I’m not sure what bootlegs you’re talking about that you saw. I remember Crazy Kong which had different levels and sounds but was clearly a hack of Donkey Kong. Do you remember any specific titles or genres that were particularly disappointing?

 

The carnival I mentioned was the most obvious, I don't think one game in there was legitimate.  Major arcades and stores usually had real arcade games, I'm sure for legal reasons.  Mid to late 80s they were really showing up in places like flea markets and dumpy Kwik-E-Marts.

 

There were endless Pac bootlegs back in the day, and they all sucked imo.  I remember a crappy version of Frogger.  Many Space Invaders bootlegs, the one in the video features fish and plays upside-down...only $3500 for what's sure to be a quarter vacuum in 1982! ?  A few very sad versions of Galaxian.  Gallag was a bootleg of Galaga and played the same but there were others that were total garbage.  Moon Cresta was a favorite of mine but the hacks looked and sounded horrible.

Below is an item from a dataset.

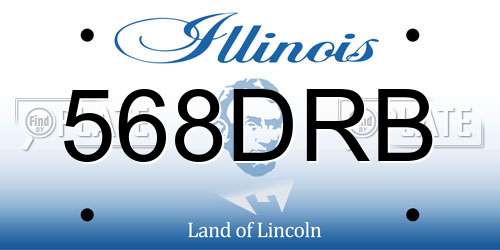 568DRB Illinois License Plate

Vector games were about the only ones safe from being bootlegged.

 

The people in the video had little business sense.  With a little research they would have noticed all the popular titles had major names attached to them.  Instead they chose an unheard of company with unheard of games and paid a premium.  If they really paid $3500 each, they could have bought a Ms. Pac-Man for less!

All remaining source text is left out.